Australians. They’re generally happy people, right? Beer, sunshine and prawns. Happy people in shorts, sunnies and thongs (it’s a kind of footwear, honestly!) Nothing sinister about that.

And yet Australia has produced some of the darkest and weirdest speculative fiction of recent years. Authors like Margo Lanagan and Garth Nix have brought their particular brand of weirdness to a vast international audience. Veteran storytellers like Richard Harland and Robert Hood have been constructing Australian horror, not only in stories for adults, but also for children and teenagers. Hard on their heels we have a whole generation of short story writers graduating to novellas and novels, or selling stories into the professional SF and horror scene. Dark stories. Sinister stories. Strange stories.

Australia might have warm weather and a reputation for a relaxed, “no worries” attitude, but we also have a long tradition of dark, Gothic literature and a deeply uncomfortable relationship with our own history and surroundings.

This is a country, after all, full of snakes and spiders, a country where people sometimes walk into the bush and never return.

Deborah Biancotti, author of the short story collection A Book Of Endings, wrote an online essay last year in which she admitted a hatred and fear of the Australian landscape: “The sweaty, swollen rainforests that threaten, in my memory, to tip into the thin wedge of playgrounds. The vast brownness of some places, the spindly silver trees, the ungenerous scrub by the sides of roads, wild grasses that whip the edges of beaches. Strange powers control those spaces. Indifferent powers. Wind alone doesn’t describe the movement.” [poesdeadlydaughters.blogspot.com/2010/03/land-waits.html] This idea resonated with many readers, who provided a variety of responses: some were indignant at the idea that the land was in some way “out to get us” while others found that unsettling idea strangely appealing.

So why is it that Australian spec fic writers, especially those known for their short fiction, so often tend towards the dark and weird? “I think writers write in reaction to what's around them,” Biancotti suggested. “We come from a culture of ‘she'll be right, mate’, but we're not part of it--we live on the fringe.

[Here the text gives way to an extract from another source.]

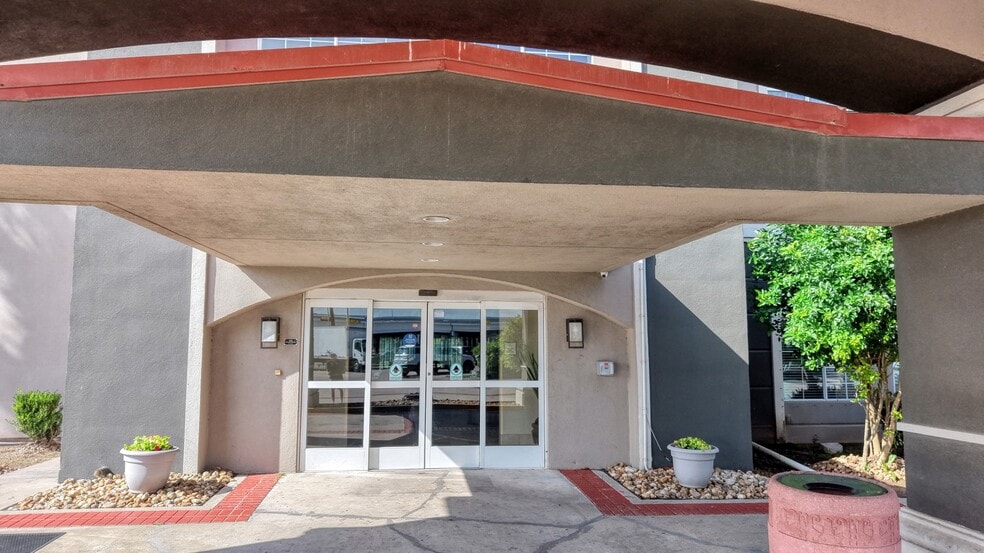 More Photos Of 10446 Interstate 37, Corpus Christi Hotel For Sale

And from that vantage point, it's easier to see the darkness behind the happy-go-lucky Australian attitude. The history of white settlement is pretty savage: we practiced genocide on the native Australians and wiped out rainforests to make space for houses, we turned the place into a prison island by shipping out convicts. Oh, and there's all those wars we were dragged into as canon fodder. How can you not be affected by the anxiety that it will all be taken away from you, with a history like that?”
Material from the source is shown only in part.